Durante a ação, foram cumpridos sete mandados de busca e apreensão em imóveis ligados a servidores municipais, uma associação investigada e outros alvos apontados nas investigações. A Justiça também determinou o afastamento do presidente e do diretor-geral da entidade envolvida, além de duas servidoras públicas do município.
Segundo o MPBA, a investigação apura possíveis crimes de peculato, fraudes em licitações e uso irregular de dinheiro público que deveria financiar atividades culturais e ações voltadas à população LGBTI+.
As apurações são conduzidas pelo Grupo de Atuação Especial de Combate às Organizações Criminosas (Gaeco) e pela Promotoria de Justiça de Proteção da Moralidade Administrativa, com apoio de outros setores do Ministério Público e da Polícia Militar.
De acordo com os promotores, uma associação suspeita de funcionar como entidade de fachada teria recebido mais de R$ 1,1 milhão em recursos da Prefeitura de Salvador.
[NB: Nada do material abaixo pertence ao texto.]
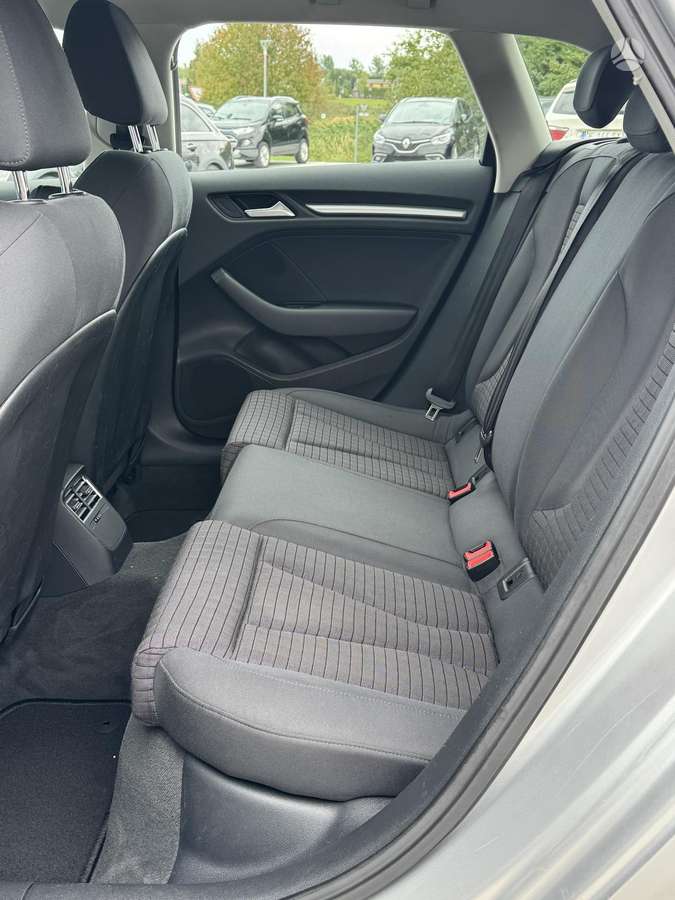 Audi A3, 1.6 l., hatchback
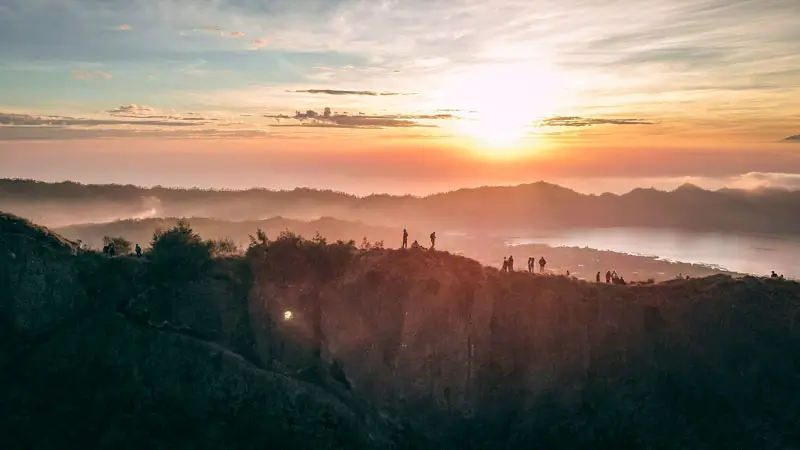 Jalur punggungan kawah Gunung Batur dengan view dramatis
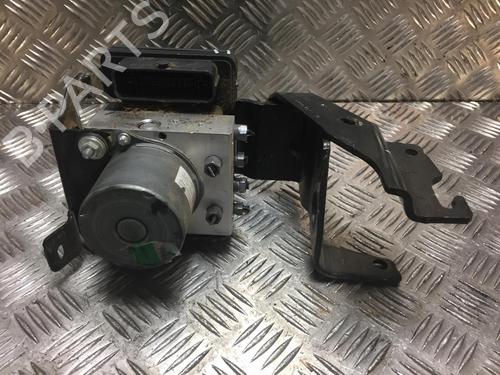 Used ABS pump ABS pump PEUGEOT 208 II (UB_, UP_, UW_, UJ_) 1.5 BlueHDI 100 (102 hp) 24985782 24985782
Parte do dinheiro, conforme a investigação, teria sido desviada em benefício de integrantes da própria associação.
Os valores seriam utilizados na realização de eventos em 57 bairros da capital baiana, além do apoio a 18 blocos carnavalescos durante o Carnaval de 2025.
A investigação começou após denúncias apresentadas ao Ministério Público por organizadores de eventos e representantes da comunidade LGBTI+, que relataram possíveis irregularidades na aplicação de verbas públicas destinadas ao projeto “Caminhada da Diversidade LGBTI+”.